Hi Navtej,
Am Freitag 21 April 2017 21:00:11 schrieb Navtej Singh:
I would like to share some insights from working with intelmq with roughly 70 feeds. I have frequently run into these problems and tried to solve these on my own.
thanks for adding your experiences and approaches. I believe in coming up with a number of ideas, trying some and then find a good solution, so it is good to see your approaches.
There are some concerns if systemd is a right solution. I believe it is. There are some aspects of systemd which are appealing and helpful. Running the bots as intelmq user is a breeze, with User and Group directives. However one of the biggest gains is with RandomizedDelaySec directive.
If we had a process manager that knows how the bots are wired, it could just queue some one time collectors behind each other if the insertion point before experts is already loaded. So I don't think this is coupled to systemd in particular, though the RandomizedDelaySec sounds interesting for some simple use cases.
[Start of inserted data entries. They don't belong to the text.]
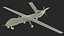 Drone de combate TAI Anka S Rigged
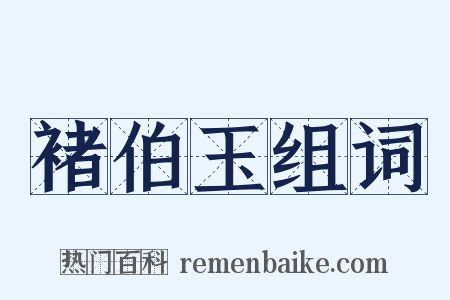 褚伯玉组词是什么意思的图片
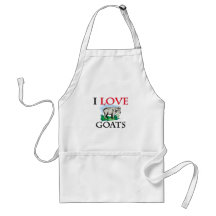I Love Goats Aprons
I understand that I am about to expand the discussion here, however I feel it is connected issue. There should be a way to prevent running multiple instances of bot with same id. As I see it, collectors and parsers though different are tightly coupled.
To me this sounds like a use case that should be considered in this discussion. See my other post (a few minuted ago) where I explain why I consider this kind of "flow control" relevant with your example.
a. Replace redis as queue with something persistent. As present redis uses a lot of memory since it keeps the events in memory. if your feeds are getting data frequently and, in the chain, you have a slow processing expert, queue size keeps growing and so does the redis memory usage.
I also consider this a "flow control" issue, stop inserting stuff if the downstream pipe is full. Which technically could mean that redis has used the configured memory.
b. multiple events processing by single bot, This has been discussed a lot in issues and mailing lists. I have an implementation using gevents[2]. However there are problems with this, those trade-offs I am fine with. c & d might help to resolve these issues.
Can you point me to a more elaborate outline of the problem? (I always thought that a bot can already process several events, but you mean per network event?)
c. events should have IDs. This will help in acknowledging the correct message in case of multi processing wrt to b.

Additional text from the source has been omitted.